How to watch the Shoshone Falls Light Show
As if Shoshone Falls wasn’t gorgeous enough on it own, there’s a summer light show to make the experience extra-magical. The Shoshone Falls Light Show — technically called Shoshone Falls After Dark — only happens once a year in May or June, depending on flow. It runs for just one week and it’s essential to buy tickets in advance as it always sells out. During the 20-minute show, the falls are illuminated with multicolored lights and various patterns, putting on a dazzling display against the night sky.

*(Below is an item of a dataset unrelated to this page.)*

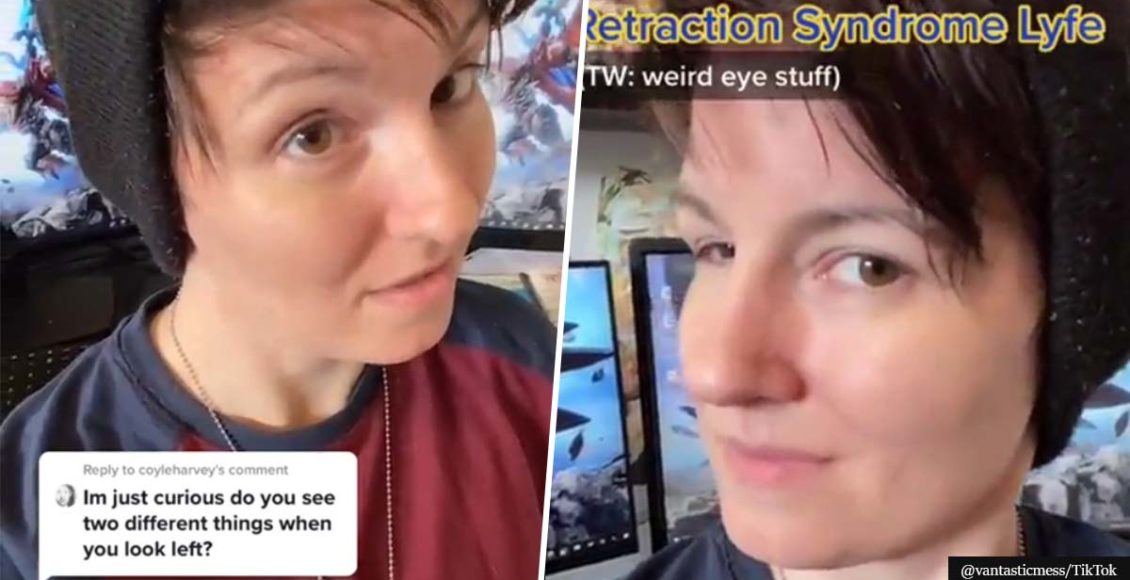 Creepy eye condition where eyeballs can’t move to one side shocks TikTokers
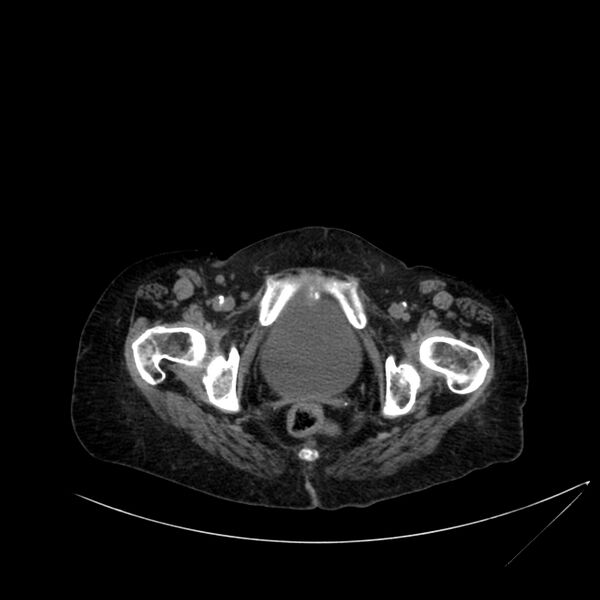File:Abdominal aortic aneurysm - impending rupture (Radiopaedia 19233-19246 Axial non-contrast 124).jpg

Keep an eye on Southern Idaho’s tourism website for ticket announcements, and if you’re lucky enough to snag a spot, pack a flashlight and arrive about 10 minutes early to give yourself time to get to the viewing area before the show.
The best time to visit Shoshone Falls
Shoshone Falls is a year-round destination, but visit in late spring to catch the light show mentioned above. That’s also when the falls are at the peak due to snowmelt from higher elevations. The falls can look almost dried up in autumn, but fall is also a great time to explore some of southern Idaho’s area hikes or plan a backpacking trip in nearby national forests. If you’re going just to see the falls, go in spring. But otherwise, there’s plenty of nearby recreation any season. And that includes winter, too — nearby Craters of the Moon National Monument is cool any time of year, but it’s an unbeatable spot if you’re a cross-country skier come December.

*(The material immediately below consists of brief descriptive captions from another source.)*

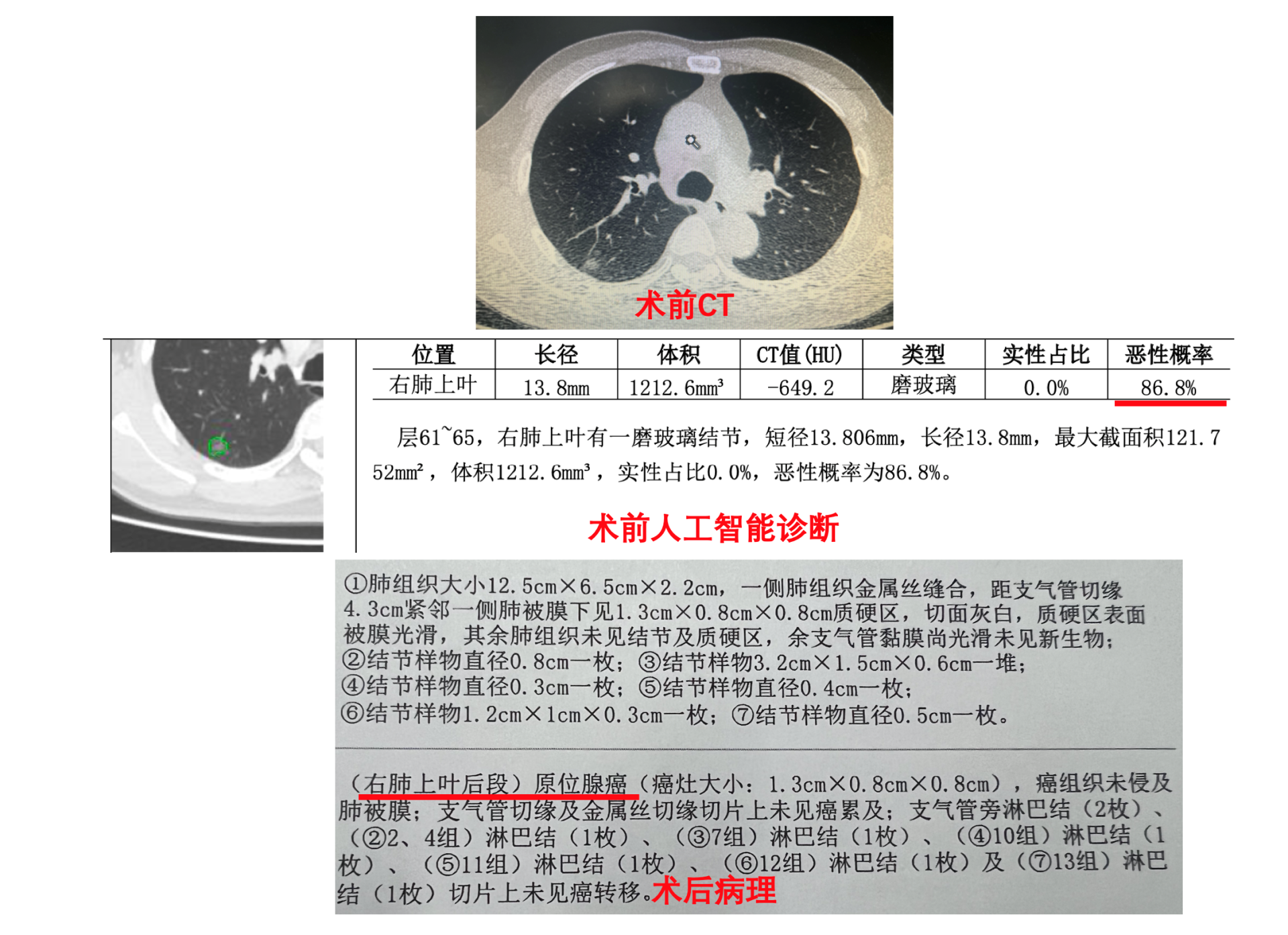 肺结节诊断报告图片图片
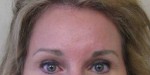 Brow Lift/Forehead Rejuvenation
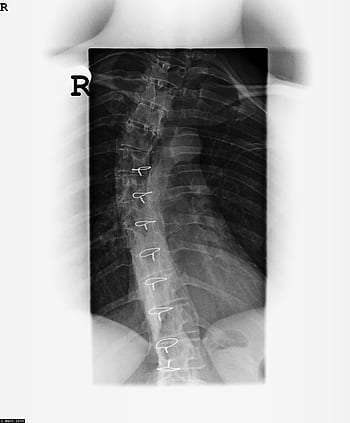 Royalty-free medical x-ray photos free download - Pxfuel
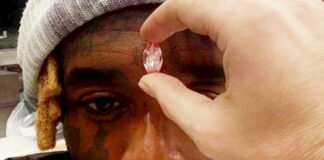 Rapper has $24m Pink Diamond Embedded in his Forehead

Hotels near Shoshone Falls
Shoshone Falls is in Twin Falls, Idaho, which has all the various types of hotels and lodging you’d expect from a mid-sized town. Most hotels are chai properties with a nationwide presence like Best Western Plus, LaQuinta, or Comfort Inn and Suites. While they’re not necessarily glamorous, they’re comfortable and convenient and a good choice if you plan to spend your days recreating, rather than lounging at a resort.

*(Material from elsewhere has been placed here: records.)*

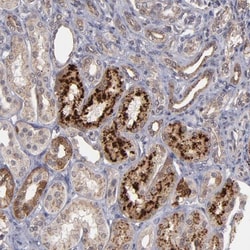 SIPA1L1 Antibody, Novus Biologicals:Antibodies:Primary Antibodies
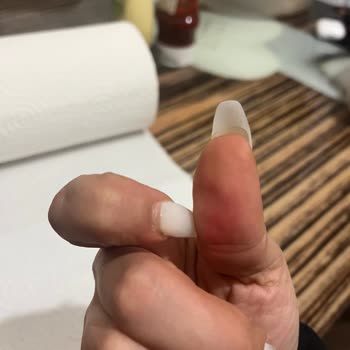 Kırılan Jel Tırnaklar Ve İhmalci Yaklaşım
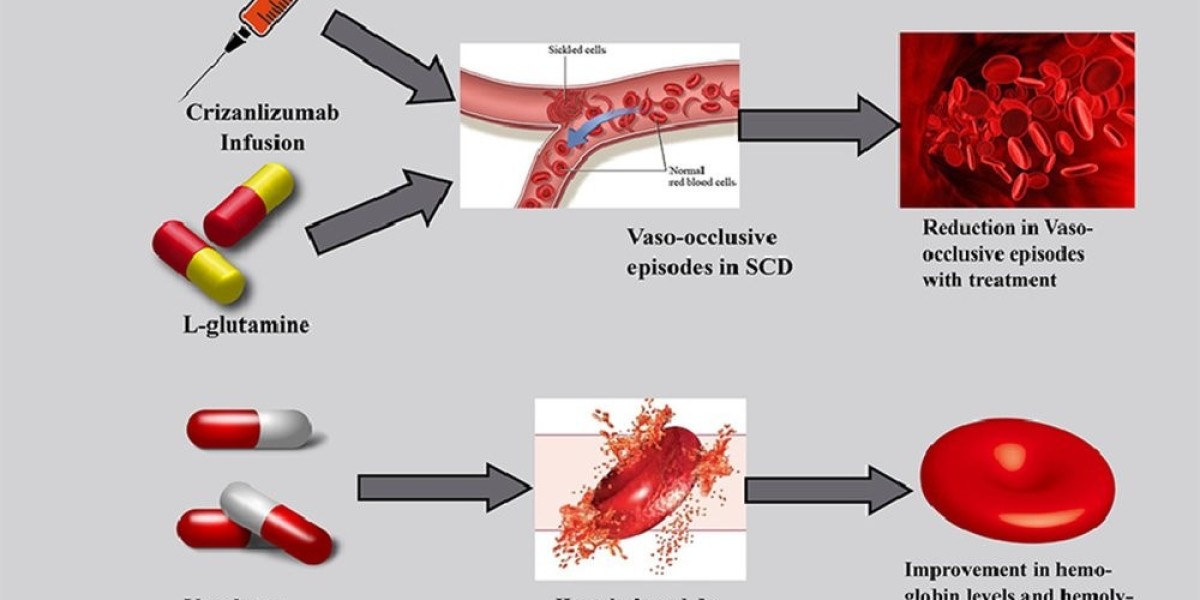 Sickle Cell Disease Treatment Market Size, Share, Challenges and Growth Analysis Report 2033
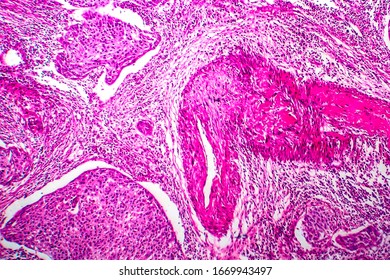 Squamous Cell Carcinoma Uterus Light Micrograph Stock Photo 1669943497 ...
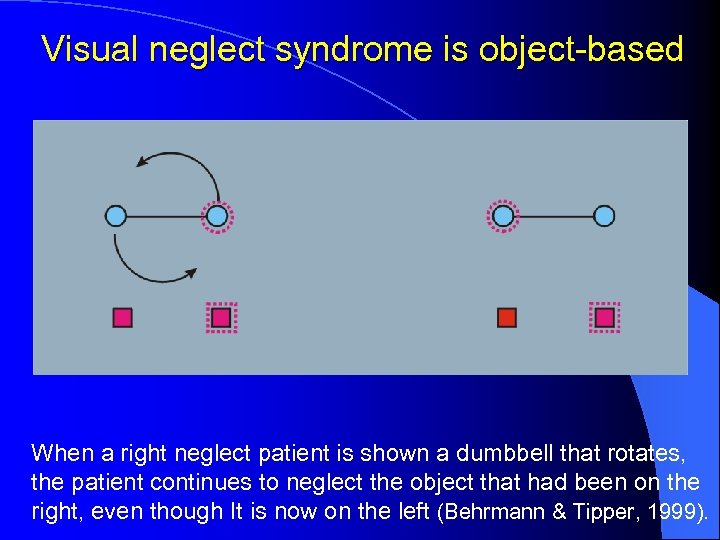 Visual neglect syndrome is object-based When a right neglect patient is shown a dumbbell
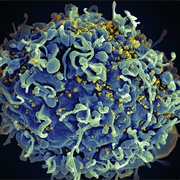 HIV Attacks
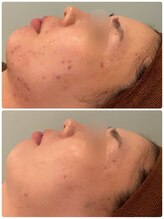 ビオプラス(BioPlus+)/ハーブピーリング /川崎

However, there are a few more unique choices around town, too. You can book a glamping dome at Miracle and Banbury Hot Springs (about 30 minutes from the falls) or, if you don’t mind driving down to see the falls for a day, book a more upscale resort near Sun Valley (about 1.5 hours from Twin Falls). In Sun Valley, unique, upscale options include Sun Valley Lodge or Hotel Ketchum.
What to do in Twin Falls and around Shoshone Falls
While you can’t go wrong spending most of your time at the falls or Snake River Canyon, it would be a mistake not to check out what Twin Falls has to offer. For a relatively small city, Twin Falls has a thriving craft beer scene. KOTO Brewing Co. is owned by a family with deep roots in the Twin Falls community, and equally popular is Milner’s Gate, a brewery and full bar and restaurant named in honor of the Milner Dam, completed in 1905.
Your trip can take a more educational turn at the Herrett Center for Arts and Science, a natural history museum on the campus of the College of Southern Idaho with an impressive collection from the prehistoric Americas. That include s geological specimens, material relics of the Buffalo Nation, and artifacts from Peru that predate the Inca The museum also houses the Faulkner Planetarium, the largest in the state with one of the biggest wheelchair-accessible public telescopes on Earth.
You don’t have to kayak to Shoshone Falls to get a healthy dose of the outdoors on your visit to Twin Falls, either. Rock Creek Park, on the southwestern edge of the city, has 12 acres of green parkland running along the canyon. You can follow the Old Towne Rock Creek Parkway Trail from downtown Twin Falls through the park, or take advantage of facilities like a disc golf course, fishing holes, horseshoe pits, picnic tables, and volleyball courts.
If you happen to be visiting the area in early September, you’re in luck. The Twin Falls County Fair runs for five days in early September and has been a popular event since 1916. The fair has all the classics like vendors, carnival rides, livestock competitions, and country music concerts, but it also coincides with the Magic Valley Stampede PRCA Rodeo. The rodeo alone makes the trip more than worth it.